WhiteningBERT
Source code and data for paper WhiteningBERT: An Easy Unsupervised Sentence Embedding Approach.
Preparation
git clone https://github.com/Jun-jie-Huang/WhiteningBERT.git
pip install -r requirements.txt
cd examples/evaluation
Usage
Datasets
We use seven STS datasets, including STSBenchmark, SICK-Relatedness, STS12, STS13, STS14, STS15, STS16.
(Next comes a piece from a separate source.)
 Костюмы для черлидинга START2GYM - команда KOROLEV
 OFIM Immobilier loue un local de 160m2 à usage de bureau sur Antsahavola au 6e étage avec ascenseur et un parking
The processed data can be found in ./examples/datasets/.
Run
- To run a quick demo:
python evaluation_stsbenchmark.py \
--pooling aver \
--layer_num 1,12 \
--whitening \
--encoder_name bert-base-cased
Specify --pooing with cls or aver to choose whether use the [CLS] token or averaging all tokens. Also specify --layer_num to combine layers, separated by a comma.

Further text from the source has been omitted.